Ma per fortuna si va verso le vacanze, i docenti si riposeranno per poi tornare nelle aule carichi a settembre. Eppure non è proprio così. In classe metteranno piede solo dopo aver aggiornato e redatto i PTOF, i piani di miglioramento, il curriculum verticale, i criteri per la valorizzazione del merito dei comitati di valutazione, le progettazioni e i compiti di realtà. Per trovare conferma di quanto detto basta fare un giro sui siti delle diverse scuole e provare a barcamenarsi tra gli elenchi di sigle poste di spalla sulle homepage, sezioni note solo agli esperti del settore.

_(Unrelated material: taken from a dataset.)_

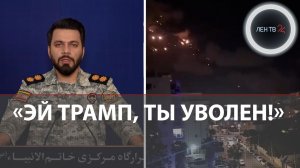 Иран загнал Трампа в тупик : США отложили удары | Подземные базы КСИР | Блокада Ормузского пролива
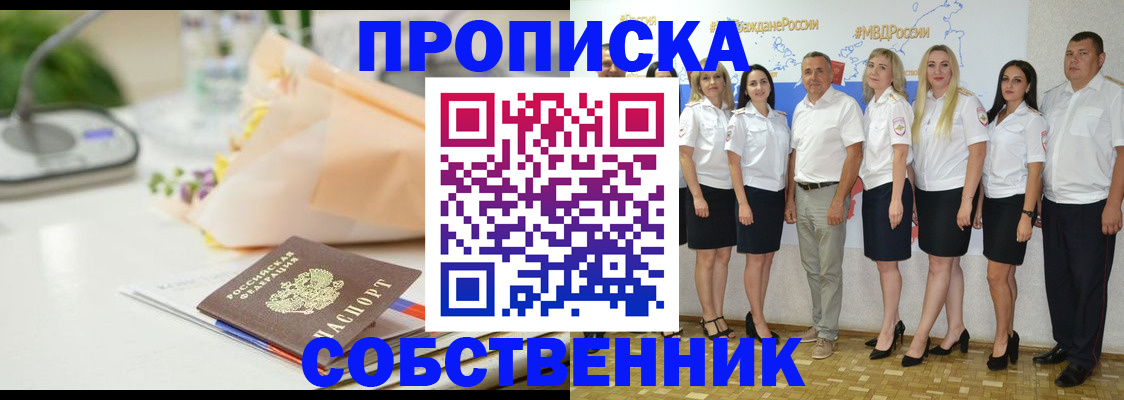 прописка паспорт в Среднеуральске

L’idea che sottende a questo modo di operare è presa in toto dalle aziende, come se l’obiettivo finale fosse mettere nero su bianco e quantificare un prodotto che, cosiffatto, si trova ad escludere la dimensione integralmente umana, centrale nella scuola e nei processi lunghi e non lineari della crescita. Al di là della questione aperta, cioè se gli competa o no, il rischio è che un docente si trovi a dirottare le sue energie verso una funzione di burocrate distogliendo l’attenzione dalla sua attività principale: insegnare.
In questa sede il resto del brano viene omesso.